If you look at picture 2 in my link above, you will see a negative-going echo at 280 ns. That is caused by a shunt termination and can be readily seen. The cable's end is not terminated and causes the big echo at 1100 ns.

A tone generator will not work well if you do not have a sensitive search coil plus amplifier to pick the field up.

Gunnar Englund
--------------------------------------
Half full - Half empty? I don't mind. It's what in it that counts.
 
If the wires are in anything resembling a conduit, even a jacketed cable having a lumen, you could pump cigar smoke into the accessible end and observe where the smoke/smell comes out.

Or, you could overdrive the loop until the terminator or the wire overheats, seek the smoke/smell, and then repair the collateral damage. Yeah, I hate that one too.

Or, you could open everything that opens, and if you still don't find the j/b, call the yachtbuilder and ask to speak with someone who installed that system on that boat.

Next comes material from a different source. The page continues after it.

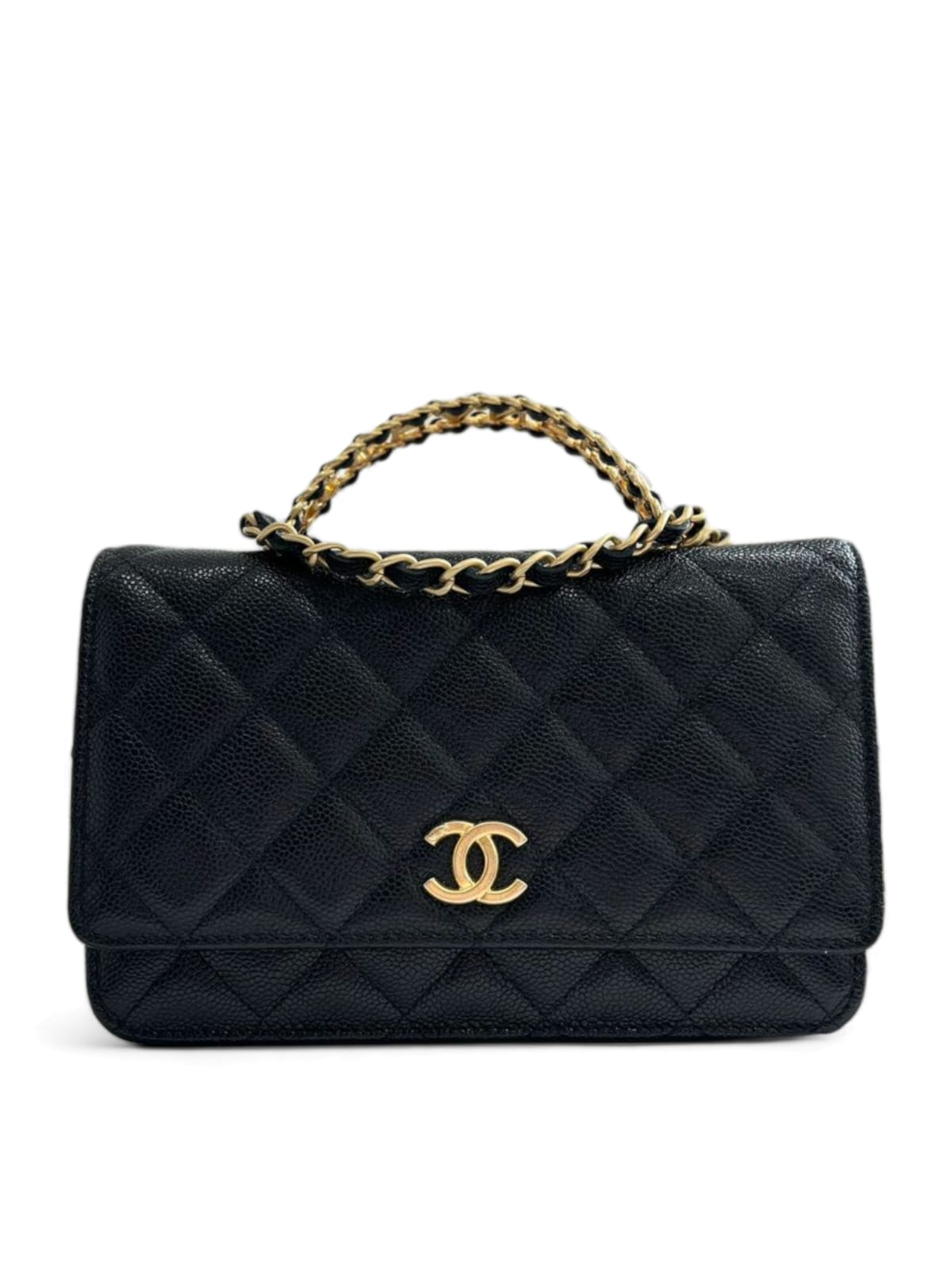 Chanel Woc Handle Black Caviar AGHW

Yacht plans usually don't go into the level of detail that you need, even for the few that are really mass produced. But you might be able to deduce some clues from this observation: Whichever crew gets to the boat first, gets to put their stuff where they want it. Subsequent crews have to work around whatever was already done when they arrived. So many of the junction boxes will be where the electricians thought the carpenters would put the access panels, before any of the panels or substrate were installed.





Mike Halloran
Pembroke Pines, FL, USA
 
Mike - no truer words have ever been spoken! I like the cook-it-till-it-smokes procedure, haven't tried that one yet. We just spent 3 guys X 3 hours looking for an amp in a cabin deckhead only to find the cables run down inside a wall and the amp was on the floor of the bathroom, under the sink and behind a loose marble tile!!! And this is on an Amels! You'd think the Dutch would do better than that.
 
Have you considered using a cheap AM "transistor" radio as a detector and a small chattering relay (wire the coil through the NC contact to a 9V battery) as an RF generator. I've done this several times with good results. Connect the "transmitter" to the wire in question, tune the radio to an unused part of the band, move it around and listen for the noise. Not real elegant but works in a pinch.
 
Whichever crew gets to the boat first, gets to put their stuff where they want it. Subsequent crews have to work around whatever was already done when they arrived.

The good old shipyard olympics. Bane of many ship's engineers life!



Tony - I've had luck trawling through old build/refit photos to locate things before.
Lighting transformers/controllers were always an issue on one of the yachts I was on, found them in the weirdest of places.